Why do people care if you tag or don’t tag your spouse?. Unbelievable! I think this should be a personal choice.
There was a TREND going on social media about “women who don’t tag their husbands, are insecure.” I mean, I am aware there are other things in the world to worry about. But here we are talking about tags on social media, lol. That’s what makes the world interesting, right?.
NOW LET’S DISCUSS THE ASSUMPTIONS PEOPLE HAVE ABOUT TAGGING OR NOT TAGGING OF SPOUSES ON SOCIAL MEDIA.
People believe ‘not tagging’ your spouses means you are insecure because…
1. You think your spouse will cheat on you.
2. You assume it will cause exposure of dirty secrets. i
3. Unnecessary drama.
4. It may create room for Unsolicited advice.
These are some of the many understandable and valid reasons, but not everyone that doesn’t tag their spouse has to necessarily go through these things.
The reason why people tag their spouses is that…..
1. They show that they have a trusting relationship.
2. They are confident their spouse will not cheat on them
3. They have nothing to hide.
4. They have a perfect relationship.
5. They are a public figure
These are also some of the many understandable and valid reasons, but not everyone that tags their spouse has to necessarily feel this way.
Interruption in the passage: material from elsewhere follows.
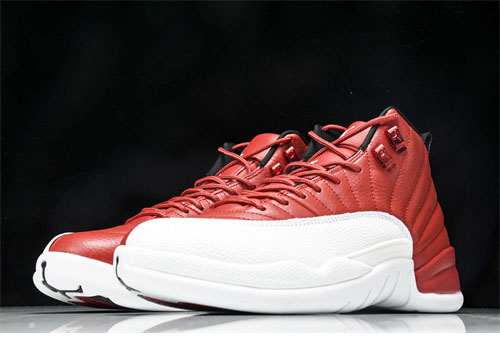 나이키 에어조던12 레트로 “GYM RED”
Will I tag my husband on social media? NOPE! If that is your definition of insecurity, let me be INSECURE. Do I have something to hide? Absolutely not! I don’t just want people all up in my business. It is a personal choice.
If you choose not to tag your spouse, that’s your choice. DO NOT feel bad because the majority of people on Facebook think otherwise. If you tag, that’s your choice too.
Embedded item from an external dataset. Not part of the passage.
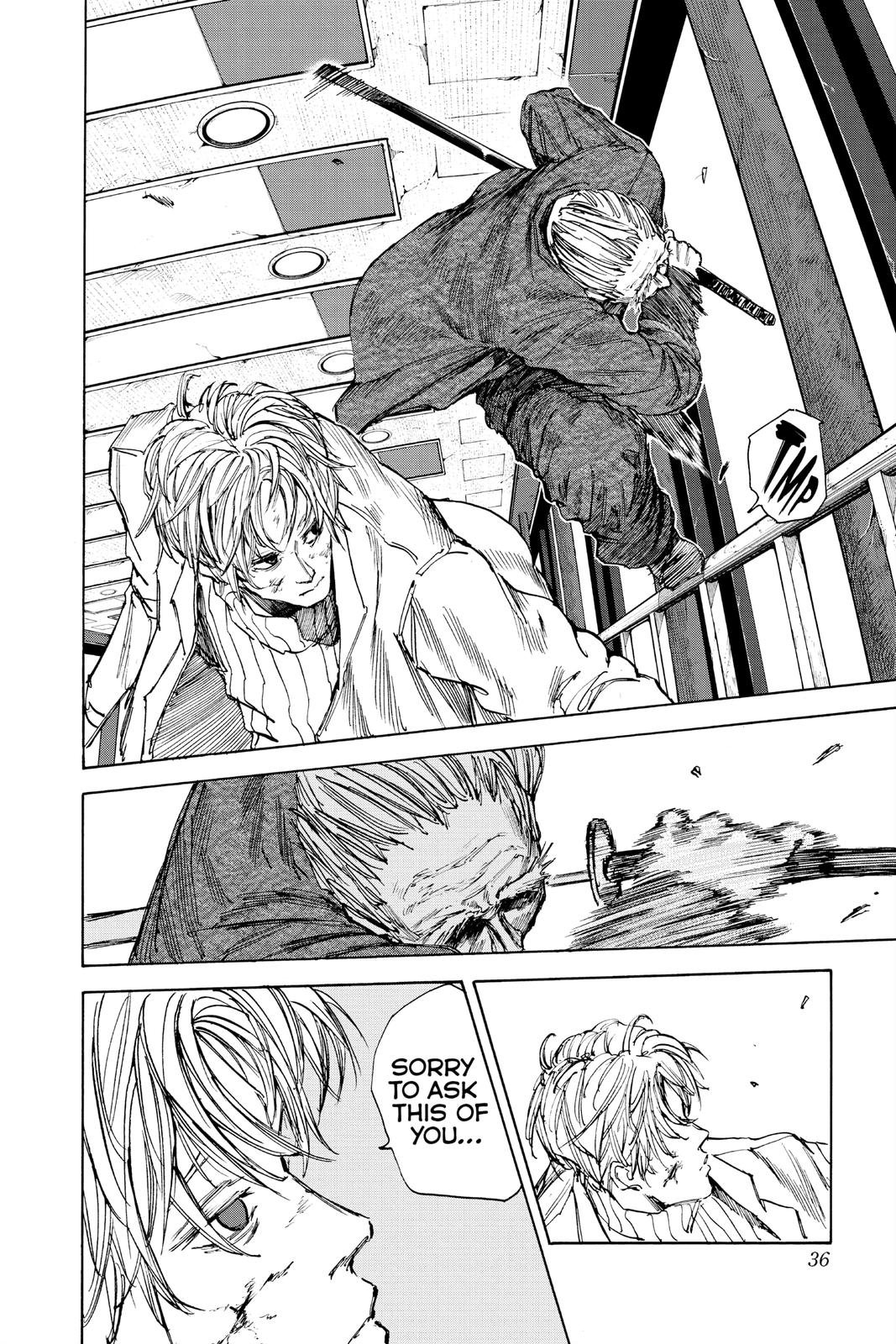 SAKAMOTO DAYS English Chap 54 - Next Chap 55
You have to study AND understand your social media to know if tagging is necessary or not.
In the past, some people sent requests to my dad when I tagged him on father’s day. I didn’t care about it because I thought they needed his business services. Did that happen? Nope! I would say it’s ok to send a request to a Facebook friend’s tagged relative or spouse if it’s a business-related Facebook account. I mean that’s understandable… But you see the type of people that send a request to your tagged spouse, your relatives and your colleagues, even when they see the account is private, and they know there is nothing to learn from the account, that’s pretty strange to me. It is nosy. YES!
I had a Facebook friend that went through my friend list and added a lot of my male friends, and some of my husband’s Facebook friends too. I had no problem with that initially. But I had a problem when I later found out she was sending the men private messages and using my name as a reference to pitch her dating prospects without my consent. I was not happy about it. There are so many other strange stories I read online too.
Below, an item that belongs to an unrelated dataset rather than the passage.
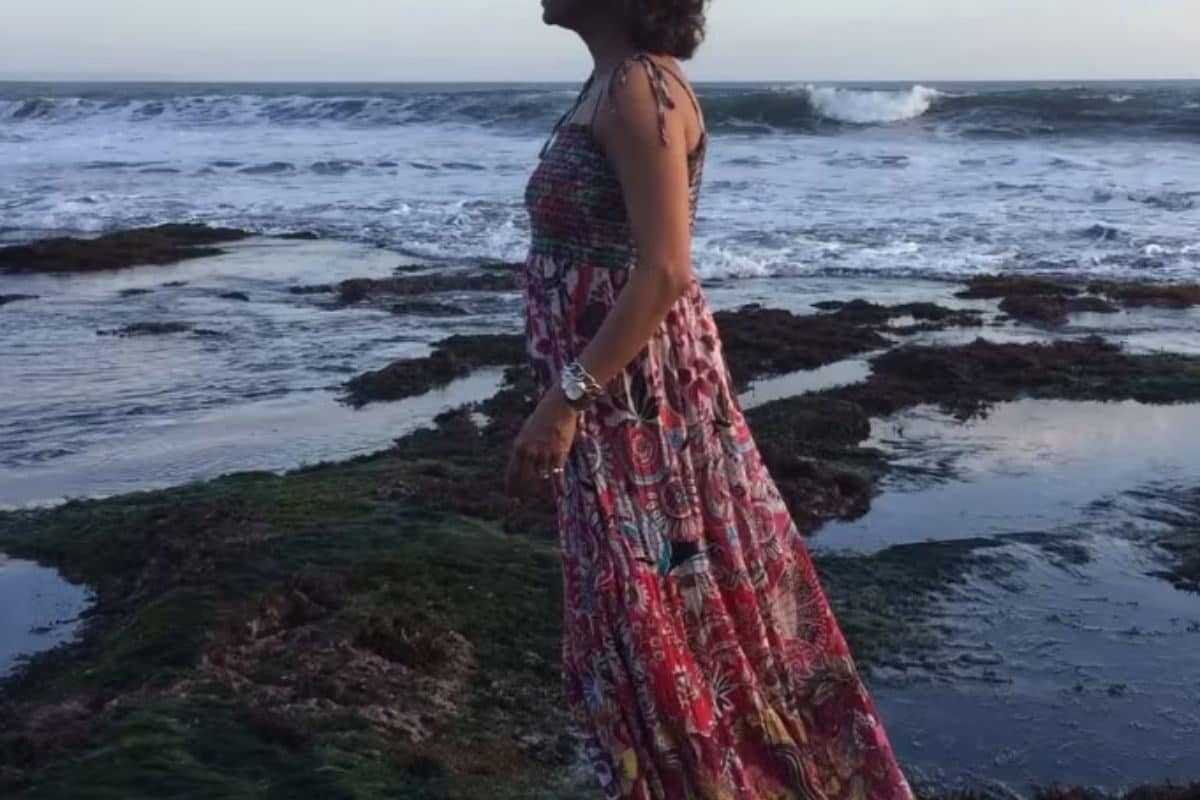 Actress | தன்னைவிட 26 வயது மூத்தவருடன் திருமணம்..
Truth is, some people will find your spouse from the comment section and send them a friend request even though you don’t tag them. However, It all comes down to respecting boundaries and the intent behind the request sent. It also depends on your spouse. Some will accept, and some will decline. We know it’s social media, but there should be boundaries regardless.
Some husbands and wives will not get a friend request even when tagged. Some will get a lot of requests when tagged. So it all depends. At the end of the day, do what works for your peace of mind and your family.
Note; It is not only women who choose not to tag. Some men do not use tags for the same reasons mentioned above. Not because they have something to hide. You can tag all you want and still be a jerk.
Tag or not tagging of your spouse has absolutely nothing to do with INSECURITIES. It is a personal choice. We should all respect other people’s choices. I respect you for tagging your spouse, and I also respect if you choose not to tag your spouse.
What about you? Do you tag your spouses?